## Supplied material
____________________

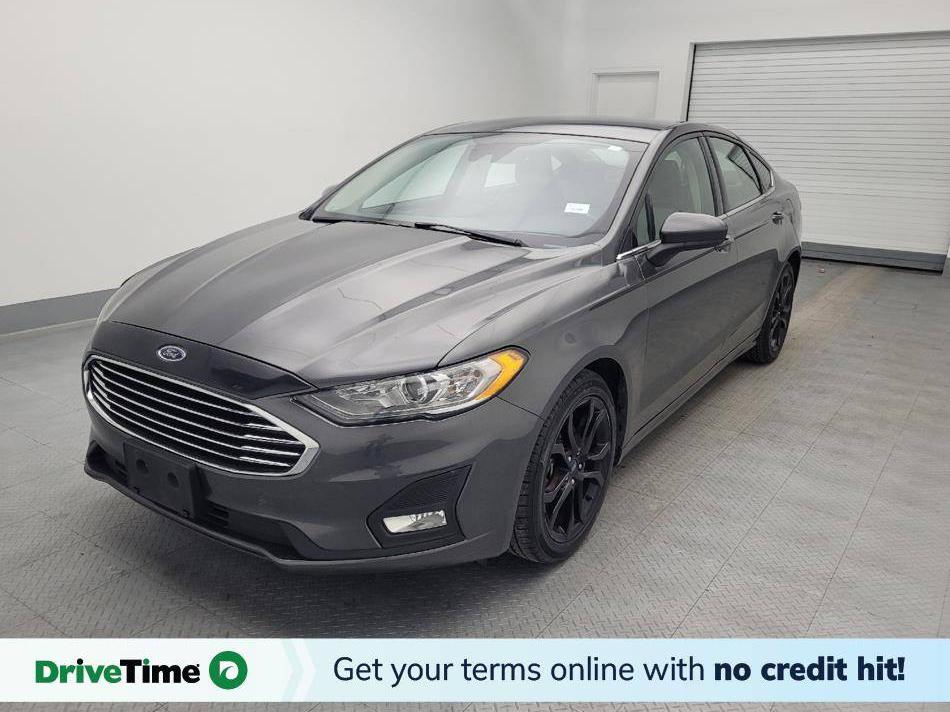 FORD FUSION 2019 3FA6P0HD1KR147997 image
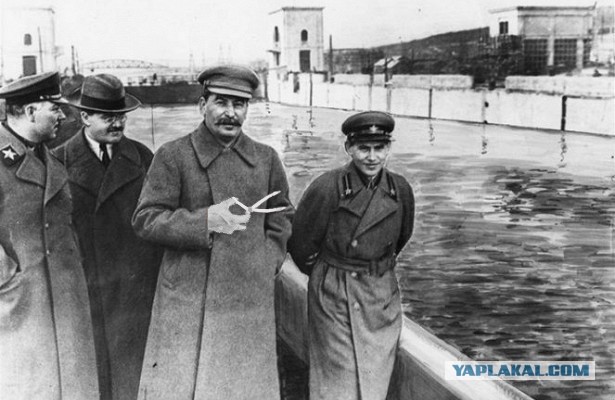 Как Сталин боролся с  гомосексуалистами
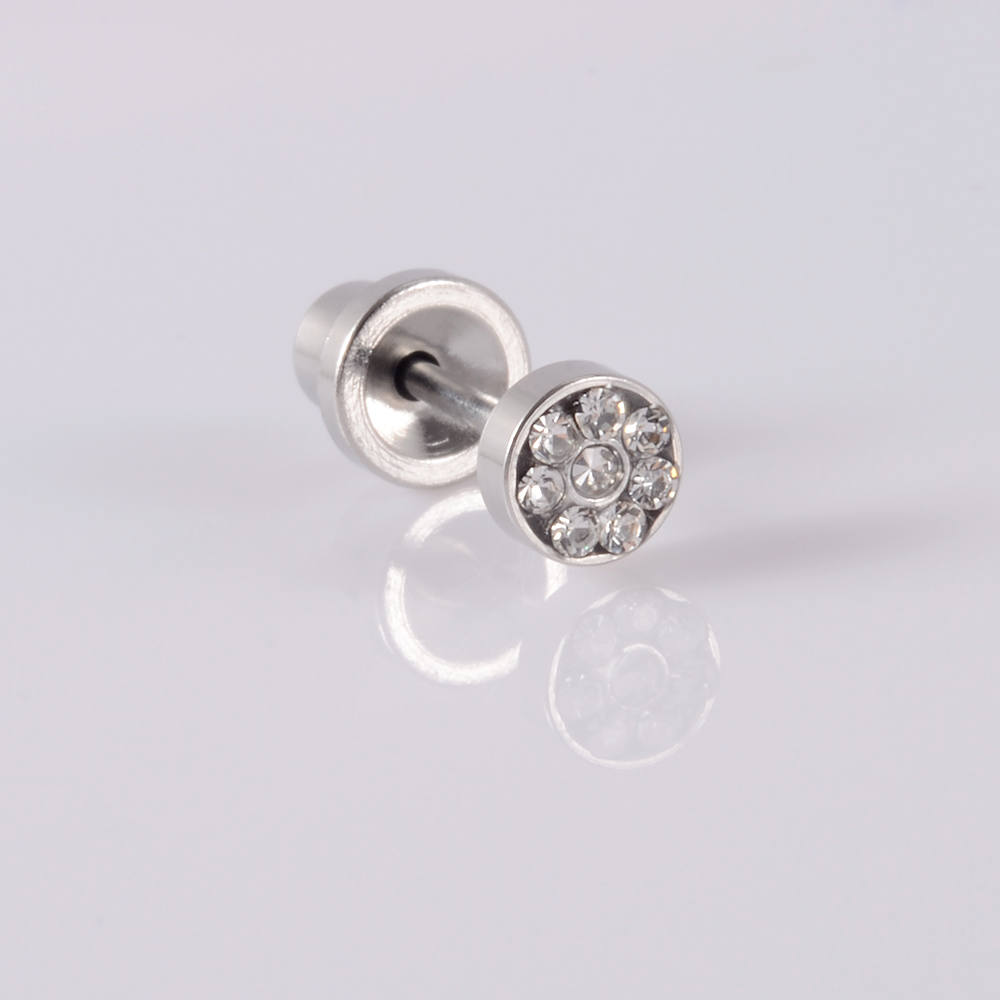 Новый одноразовый стерильный б – обзор и цена Body Jewelry Factory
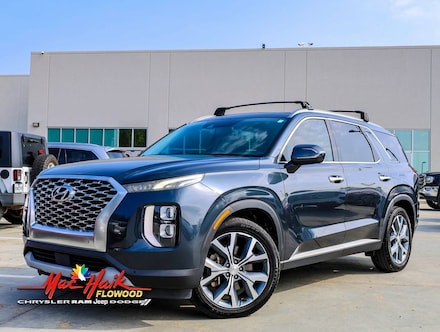 2022 Hyundai Palisade Limited SUV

____________________

## Work item
Every line of the data above should be quoted exactly. Omit the pictures.

## Exercise response
 FORD FUSION 2019 3FA6P0HD1KR147997 image
 Как Сталин боролся с  гомосексуалистами
 Новый одноразовый стерильный б – обзор и цена Body Jewelry Factory
 2022 Hyundai Palisade Limited SUV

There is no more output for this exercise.